Leur sensibilité est de l'ordre de 60 à 90%.
Ce
sont pour les principales maladies:
*diabète de type 1: anticorps
anticellules d'îlots, antiglutamate décarboxylase (GAD), anti phosphatase et anti-insuline.
* thyroïdite: anticorps
antithyropéroxydase (TPO), antithyroglobuline (TG).
* Basedow: anticorps anti TPO, et
anti TG; et anticorps thyréostimulants antirécepteur de la TSH (TRAC)
* insuffisance surrénale:
anticorps anti cellules
surrénaliennes et anti enzymes de la
stéroïdogénèse (anti-21-hydroxylase et anti-20-22 desmolase)
* insuffisance gonadique:
anticorps antiovaire
*hypoparathyroïdie:
anticorps antiparathyroïde.
2/
Intérêt de la recherche des auto-anticorps.

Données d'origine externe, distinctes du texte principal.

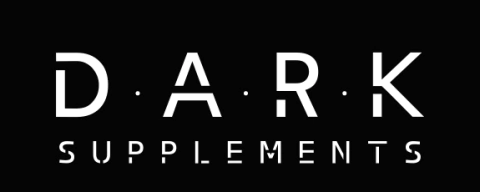 Dark Supplements Belém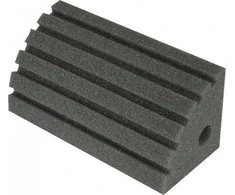Sera Atsarginė kempinė L 150 – L 300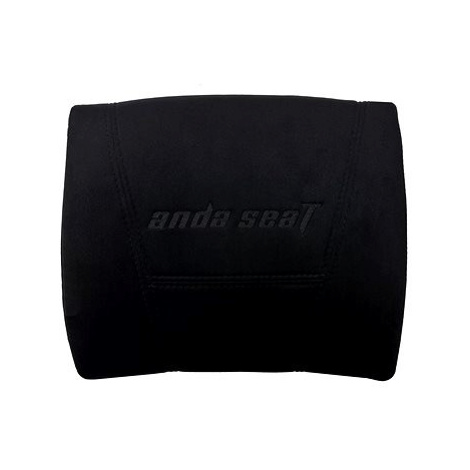 AndaSeat K3 Lumbar Velur Pillow Anda Seat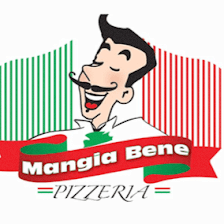 Mangia Bene Pizzeria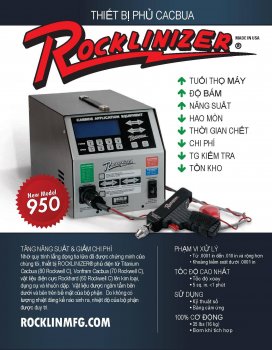 Máy làm cứng bề mặt Rocklinizer 950E.jpg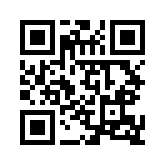 QR-Code https://ppt.cc/_-TB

La
recherche systématique de auto-anticorps permet de faire le diagnostic de
l'étiologie de la pathologie endocrine.
Dans
le cadre des PEA elle permet, chez les sujets atteints et les apparentés, la
détection des atteintes infracliniques,
qui se traduiront plus tard
par une atteinte biologique puis clinique, et donc d'orienter les paramètres de
la surveillance.
Dans
les populations à risque, la détection d'auto-anticorps pourra permettre
d'envisager des traitements immunomodulateurs à visée préventive, lorsqu'ils auront prouvé leur
efficacité, ce qui n'est pas le cas actuellement.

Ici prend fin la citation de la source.